Lincoln student Russia bound
by Kent Caddick
Despite being a newly-crowned national clay target shooting champion, Lincoln University sports scholar Kristy Havill’s love of volunteering is what has earned her a trip to Russia.
Havill won a Ladies National Title at the NZ DTL Nationals recently and will represent New Zealand at the World DTL Championships in Wagga Wagga, Australia later this month.
However, in June the third-year sport and recreation management student will be New Zealand’s sole representative at the International University Sports Federation (FISU) Volunteer Leader’s Academy in Kazan.
The academy provides professional training for young leaders in the volunteer movement, targeting students around the world that promote sport and event volunteering in their university and region. At the FISU Academy she will have practical training on topics such as volunteer recruitment, developing leadership skills and organising a volunteer programme for a real FISU event, as well as visiting sport venues in Russia.
“It’s what other people get out of my volunteering that makes it special,” Havill said.
“I like to see people for who they are – volunteering allows me to work with new people and help them to set and achieve their goals. If I can help just one person, it’s totally worth it.
“Sport is my number one passion and I know that without volunteers it simply can’t function. I strongly believe that everybody should be encouraged to volunteer to allow sport to develop.
“It may not always be obvious straight away, but volunteering can benefit people after they graduate, in work and other areas of their life.”
In between stints at the firing range Havill is a team leader and coach for the Forward Foundation, which aims to increase participation in girls’ sport, president of the Lincoln University Recreation Society – a student-run club that encourages work experience opportunities. She is also on the Metro Sports Facility Management and Operations Advisory Group, which is involved in developing the major sports venue in central Christchurch.

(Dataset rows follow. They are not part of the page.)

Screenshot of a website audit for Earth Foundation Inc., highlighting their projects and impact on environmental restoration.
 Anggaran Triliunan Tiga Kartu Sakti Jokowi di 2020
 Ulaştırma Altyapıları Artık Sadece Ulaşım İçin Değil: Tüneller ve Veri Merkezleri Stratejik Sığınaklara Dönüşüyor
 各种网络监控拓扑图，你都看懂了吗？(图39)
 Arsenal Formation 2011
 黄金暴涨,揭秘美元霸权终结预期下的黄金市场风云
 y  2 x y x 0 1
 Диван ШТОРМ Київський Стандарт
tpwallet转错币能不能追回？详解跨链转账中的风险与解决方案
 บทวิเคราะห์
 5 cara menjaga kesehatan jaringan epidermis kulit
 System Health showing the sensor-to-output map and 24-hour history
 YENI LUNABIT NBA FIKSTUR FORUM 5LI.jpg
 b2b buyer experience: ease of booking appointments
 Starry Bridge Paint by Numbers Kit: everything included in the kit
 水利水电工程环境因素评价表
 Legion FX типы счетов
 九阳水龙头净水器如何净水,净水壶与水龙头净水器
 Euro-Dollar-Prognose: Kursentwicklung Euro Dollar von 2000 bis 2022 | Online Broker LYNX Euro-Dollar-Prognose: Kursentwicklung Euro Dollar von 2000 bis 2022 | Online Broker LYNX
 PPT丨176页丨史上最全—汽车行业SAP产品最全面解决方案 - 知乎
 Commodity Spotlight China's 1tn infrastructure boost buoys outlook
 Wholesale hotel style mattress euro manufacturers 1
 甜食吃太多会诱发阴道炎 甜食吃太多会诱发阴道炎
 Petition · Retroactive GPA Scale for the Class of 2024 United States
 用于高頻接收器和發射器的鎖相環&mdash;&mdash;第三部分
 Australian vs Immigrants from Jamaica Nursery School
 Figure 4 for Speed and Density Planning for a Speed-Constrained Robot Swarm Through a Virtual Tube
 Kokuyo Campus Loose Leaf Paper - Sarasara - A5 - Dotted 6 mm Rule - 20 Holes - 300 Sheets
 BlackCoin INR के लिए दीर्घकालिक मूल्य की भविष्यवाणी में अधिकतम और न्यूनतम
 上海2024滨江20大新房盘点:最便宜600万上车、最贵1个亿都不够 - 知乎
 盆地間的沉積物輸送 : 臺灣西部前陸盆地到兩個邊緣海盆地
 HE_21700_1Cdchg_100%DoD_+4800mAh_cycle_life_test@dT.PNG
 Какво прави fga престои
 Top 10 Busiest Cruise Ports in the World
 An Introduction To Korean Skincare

She has coached and umpired touch rugby, volleyball, netball and cricket since she was a 14-year-old at Rangi Ruru Girls’ School. She also plays premier women’s cricket for Lancaster Park and is an assistant coach of the girls’ team there.
The Tertiary Sport New Zealand (UTSNZ) is responsible for facilitating New Zealand’s involvement in the FISU Academy. UTSNZ executive director, Sarah Anderson, said she was impressed with the depth and breadth of Kristy’s application.
“It is obvious that Kristy derives a lot of satisfaction from giving back to many sporting communities. We are sure her work ethic, eagerness to contribute, and ability to create inclusive environments will stand her in good stead at the Academy.”